The material below includes pictures; leave them out and return only the lines between the line containing "und Damen Ray" and the line containing "Cartoon Kids Standing", inclusive, word for word.

• [Records provided]
[Start of section]

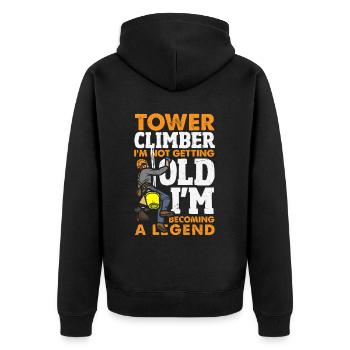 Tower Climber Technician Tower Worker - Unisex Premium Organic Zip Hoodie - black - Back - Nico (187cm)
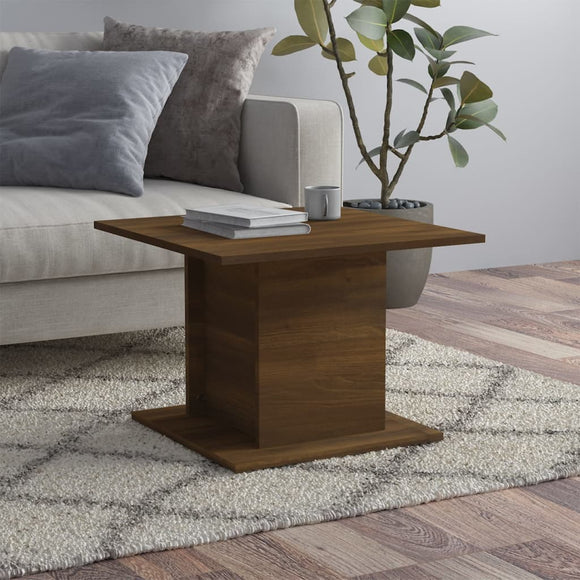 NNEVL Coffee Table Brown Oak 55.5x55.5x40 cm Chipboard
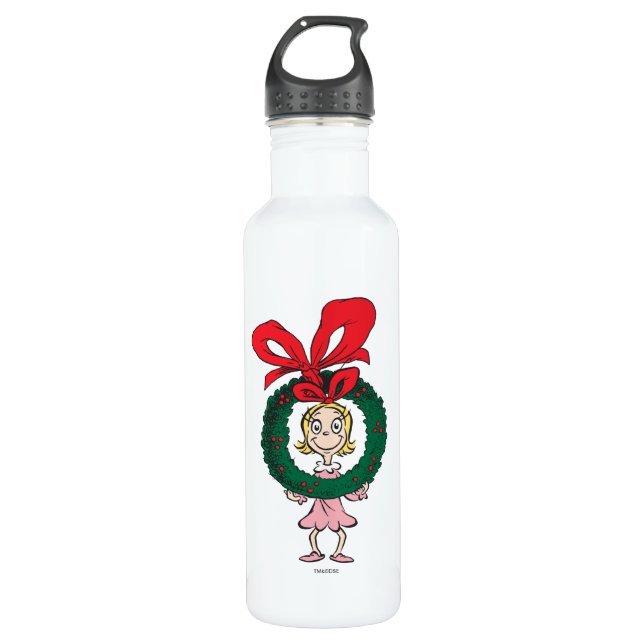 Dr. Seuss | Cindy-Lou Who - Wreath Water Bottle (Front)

[End of section]
[Start of section]

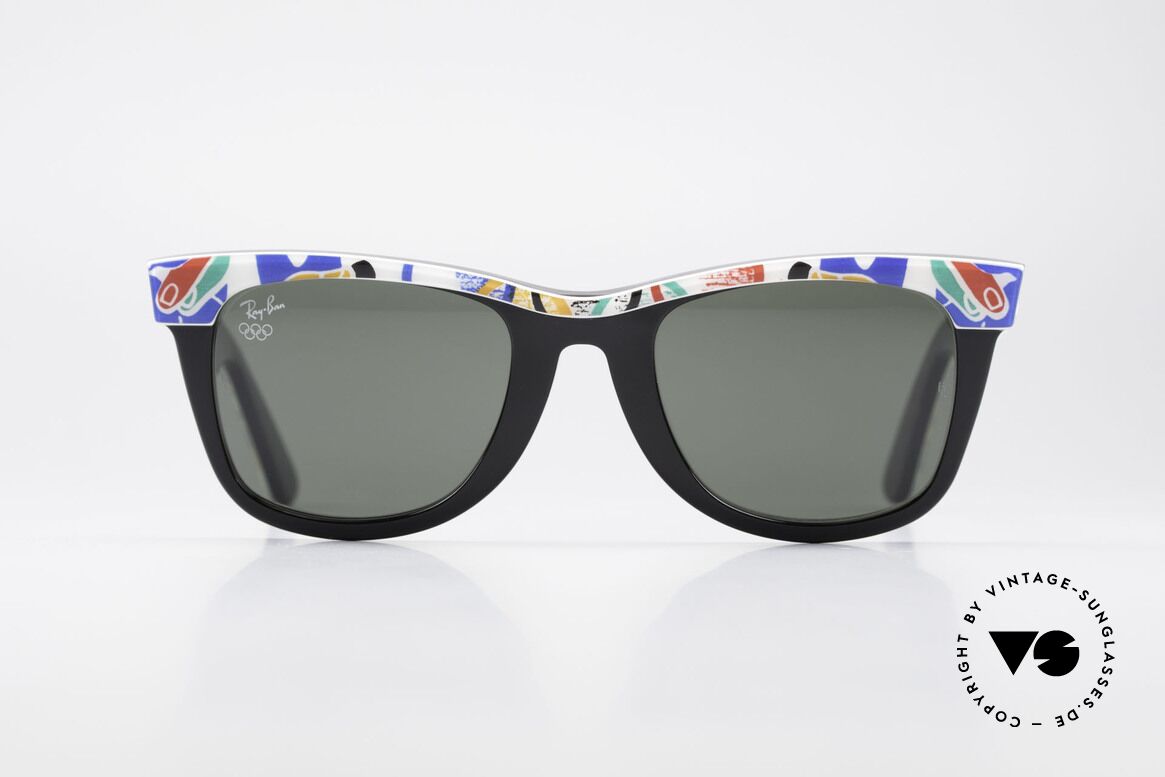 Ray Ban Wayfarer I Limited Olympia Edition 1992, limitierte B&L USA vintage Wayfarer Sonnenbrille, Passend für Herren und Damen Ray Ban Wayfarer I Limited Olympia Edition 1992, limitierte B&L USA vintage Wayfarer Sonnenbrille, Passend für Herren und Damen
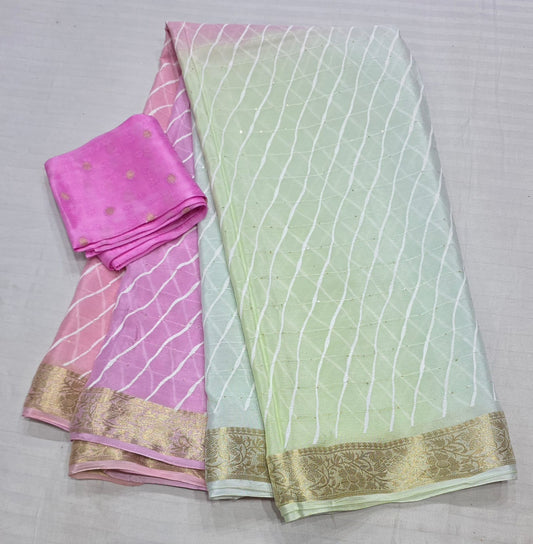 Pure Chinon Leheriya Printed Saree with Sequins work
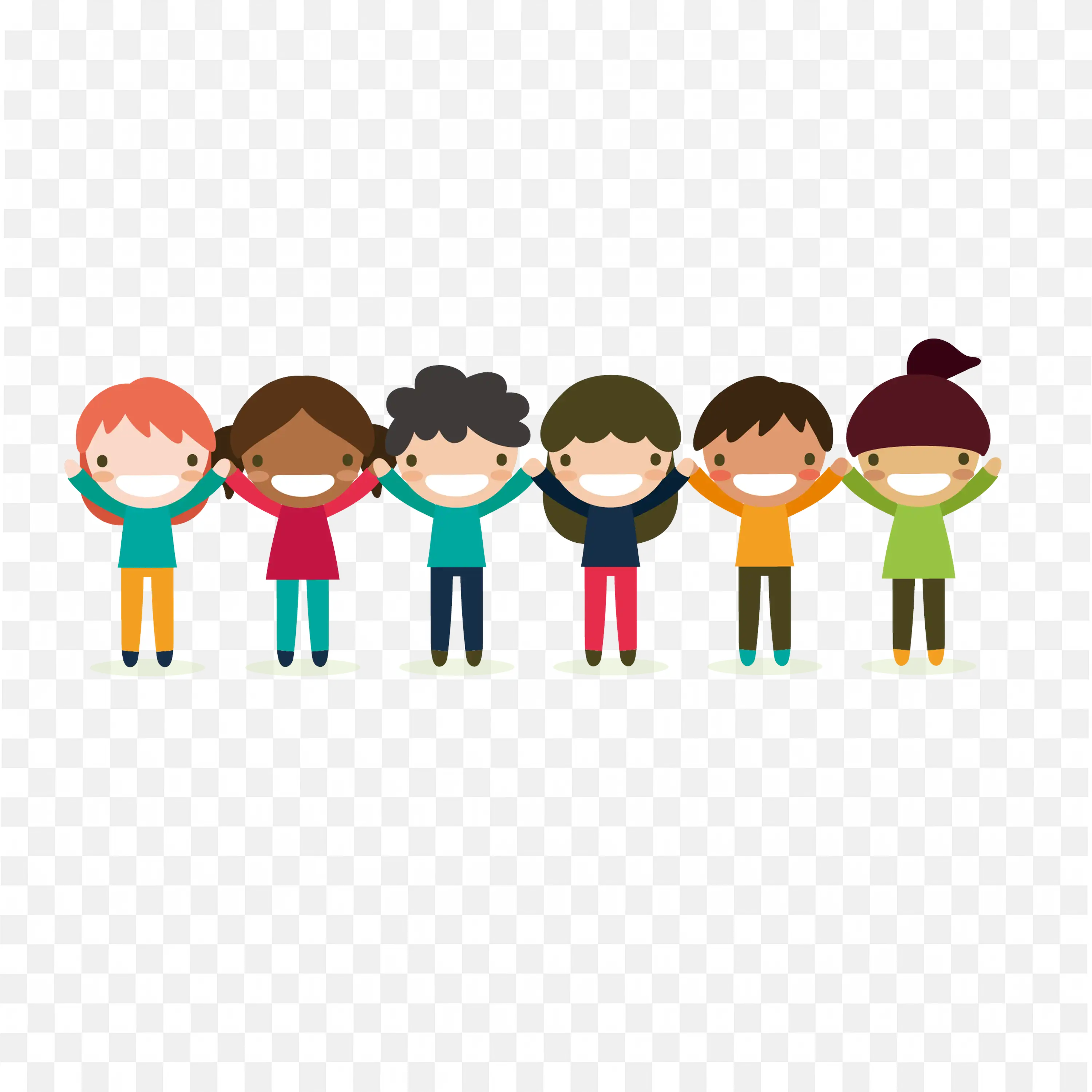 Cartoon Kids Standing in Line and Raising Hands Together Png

[End of section]

• [Answer to this problem]
 Ray Ban Wayfarer I Limited Olympia Edition 1992, limitierte B&L USA vintage Wayfarer Sonnenbrille, Passend für Herren und Damen Ray Ban Wayfarer I Limited Olympia Edition 1992, limitierte B&L USA vintage Wayfarer Sonnenbrille, Passend für Herren und Damen
 Pure Chinon Leheriya Printed Saree with Sequins work
 Cartoon Kids Standing in Line and Raising Hands Together Png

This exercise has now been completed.